## EXERCISE PROMPT
An exact copy of the lines from the one containing "15. Warrior Ride" to the end of the records below is required, and nothing else.
::: DATASET RECORDS :::
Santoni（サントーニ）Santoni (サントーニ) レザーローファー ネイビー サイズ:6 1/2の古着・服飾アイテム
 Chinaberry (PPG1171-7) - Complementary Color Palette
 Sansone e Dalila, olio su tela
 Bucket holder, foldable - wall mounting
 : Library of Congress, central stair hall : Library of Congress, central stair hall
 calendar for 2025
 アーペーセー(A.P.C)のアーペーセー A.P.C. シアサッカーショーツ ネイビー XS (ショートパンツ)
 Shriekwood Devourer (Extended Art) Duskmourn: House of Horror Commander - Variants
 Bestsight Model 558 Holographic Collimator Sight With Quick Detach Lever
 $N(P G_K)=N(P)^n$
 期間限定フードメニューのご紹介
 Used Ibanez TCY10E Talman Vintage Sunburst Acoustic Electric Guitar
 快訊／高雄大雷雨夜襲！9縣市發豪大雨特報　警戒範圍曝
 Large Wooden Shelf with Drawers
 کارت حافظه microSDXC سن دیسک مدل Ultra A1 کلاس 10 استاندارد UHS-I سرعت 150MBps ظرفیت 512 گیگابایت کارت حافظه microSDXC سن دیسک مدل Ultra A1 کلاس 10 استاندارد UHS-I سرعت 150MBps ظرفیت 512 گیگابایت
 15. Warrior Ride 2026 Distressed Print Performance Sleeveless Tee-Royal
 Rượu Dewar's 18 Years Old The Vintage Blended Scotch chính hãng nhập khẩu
:::
## SOLUTION
 15. Warrior Ride 2026 Distressed Print Performance Sleeveless Tee-Royal
 Rượu Dewar's 18 Years Old The Vintage Blended Scotch chính hãng nhập khẩu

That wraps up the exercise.